Tiere als Rechtssubjekte: Versuch über die prekäre gesellschaftliche Evolution der Tierliebe.

Von Caroline Fetscher

Als Washoe nach Amerika kam, im Juni 1966, war sie etwa ein Jahr alt. Großgezogen wurde sie dort von Allen und Beatrice Gardner, einem Forscherpaar der Universität Nevada. Da Washoe nicht sprechen konnte, gingen die Gardners mit ihr um wie mit einem taubstummen Kind. Doch Washoe war kein Kind. Sie hatte dichtes, dunkles Fell, eine platte Nasenpartie, lange Arme und Beine. Washoe war eine Schimpansin, ein Affe der afrikanischen Art Pan troglodytes verus. Ein Menschenaffe, der zum menschlichen Affen mutieren sollte und, wohlgemerkt, aufgezogen wurde „wie ein Kind“. Diese semantische Spur wird sich als zentral und relevant erweisen.

Angehörige der amerikanischen Luftwaffe hatten das Tier von Jägern in Westafrikas Regenwäldern erhalten und es in ein Versuchslabor des Luftwaffenstützpunkts von Neu-Mexiko transportiert. Dort fanden es die Gardners, kauften es, tauften es nach einer Region Nevadas und setzten Washoe für ihre psychologische Forschung ein, auf der Suche nach Belegen für die kognitiven Spielräume von Primaten. Mit den Gardners forschte ein ganzes Team von Wissenschaftlern, spielte mit Washoe, scherzte und schimpfte mit ihr – und lehrte sie Zeichen der amerikanischen Gebärdensprache. Washoe lernte und wurde zu einer Sensation für Welt und Wissenschaft.

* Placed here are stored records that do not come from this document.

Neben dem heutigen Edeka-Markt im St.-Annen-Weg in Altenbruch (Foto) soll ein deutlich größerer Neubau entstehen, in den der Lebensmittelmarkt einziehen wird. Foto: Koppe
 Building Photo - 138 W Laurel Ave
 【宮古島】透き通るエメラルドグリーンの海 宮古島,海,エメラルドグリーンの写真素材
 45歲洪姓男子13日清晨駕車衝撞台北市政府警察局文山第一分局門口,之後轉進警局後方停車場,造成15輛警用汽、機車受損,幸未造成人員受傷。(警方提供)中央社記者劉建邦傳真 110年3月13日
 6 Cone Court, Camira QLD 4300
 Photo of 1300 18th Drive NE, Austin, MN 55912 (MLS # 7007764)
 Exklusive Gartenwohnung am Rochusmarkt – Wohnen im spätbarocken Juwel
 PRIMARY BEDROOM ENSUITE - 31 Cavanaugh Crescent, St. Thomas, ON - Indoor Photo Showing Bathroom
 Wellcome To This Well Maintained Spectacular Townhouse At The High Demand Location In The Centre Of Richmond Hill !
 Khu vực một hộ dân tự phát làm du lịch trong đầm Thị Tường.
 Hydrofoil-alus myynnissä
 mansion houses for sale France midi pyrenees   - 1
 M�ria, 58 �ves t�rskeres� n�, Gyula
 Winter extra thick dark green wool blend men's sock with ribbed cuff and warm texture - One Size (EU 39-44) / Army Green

Vernunft und Sprache, diese beiden Charakteristika unterscheiden Menschen von Tieren. Washoes Aufgabe war es, in den Händen der Forschung zum Ausweis eines Gegenbelegs zu mutieren. Als wohl erstes, nichtmenschliches Wesen erlangte, so die Forscher, hier ein Tier einen Ansatz von Sprachfähigkeit. Mehr als 200 Ausdrücke soll Washoe beherrscht haben (Kritiker lassen nur knapp zwei Dutzend gelten); die Sätze der Schimpansin wiesen bis zu drei Worte auf. Am 30. September 2007 starb das berühmte Tier in Washington an Altersschwäche. In Nachrufen rühmten Pfleger und Halter Washoes „Sinn für Humor“. Sie sei „fair und freundlich“ gewesen, sie habe „Loyalität“ gegenüber befreundeten Menschen wie Schimpansen gezeigt. Washoe, sagten sie, schätzte das Blättern in Schuhkatalogen. Mehr noch als dem Standard-Haustier Hund schrieb man Washoe Eigenschaften zu, die wenngleich schlicht, den menschlichen gleichen.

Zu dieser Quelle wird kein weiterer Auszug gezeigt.